* Problem to work on
Print the data below exactly as it stands, and keep the pictures out.

* Raw data
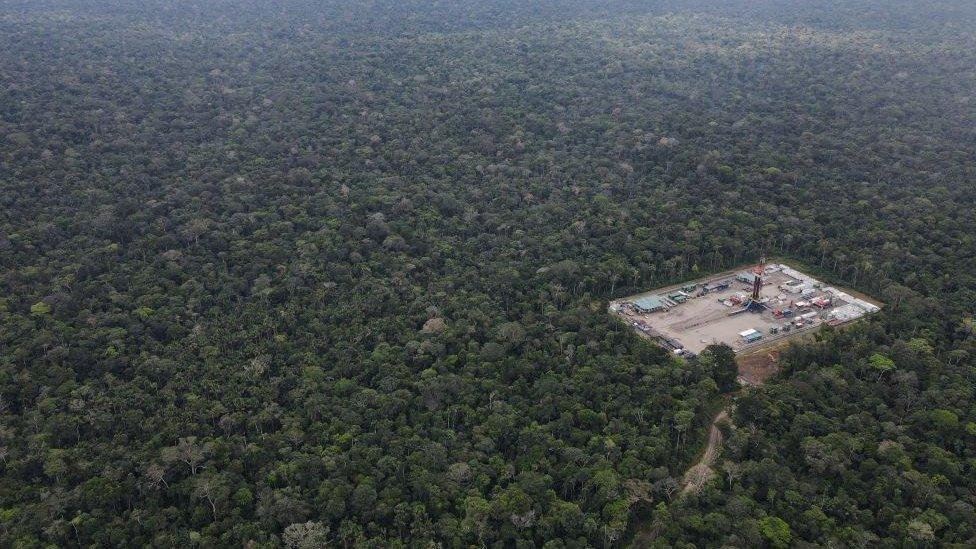 Oil platform in Yasuni National Park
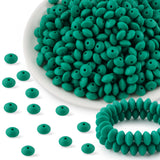 Kovict 300Pcs 12mm Silicone Lentil Beads, Silicone Spacer Beads for Necklace Bracelet Keychain Pens Craft(Deep Green)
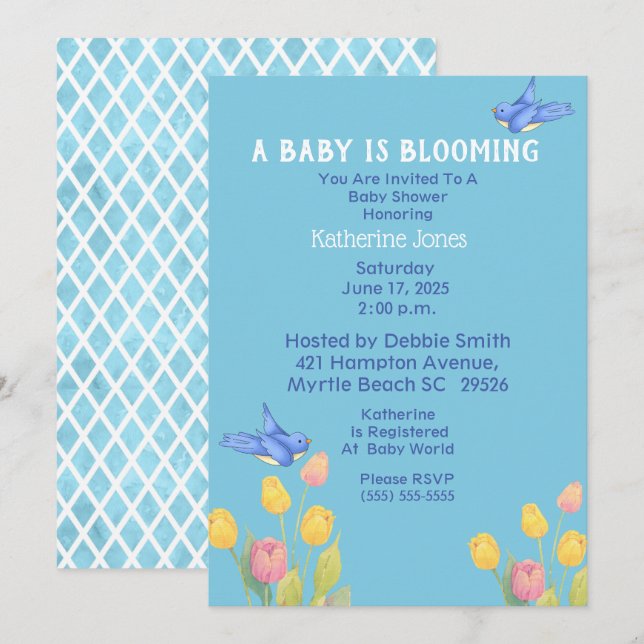 Bluebirds Baby Shower /A Baby Is Blooming Invitation (Front/Back)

* Written solution
 Oil platform in Yasuni National Park
 Kovict 300Pcs 12mm Silicone Lentil Beads, Silicone Spacer Beads for Necklace Bracelet Keychain Pens Craft(Deep Green)
 Bluebirds Baby Shower /A Baby Is Blooming Invitation (Front/Back)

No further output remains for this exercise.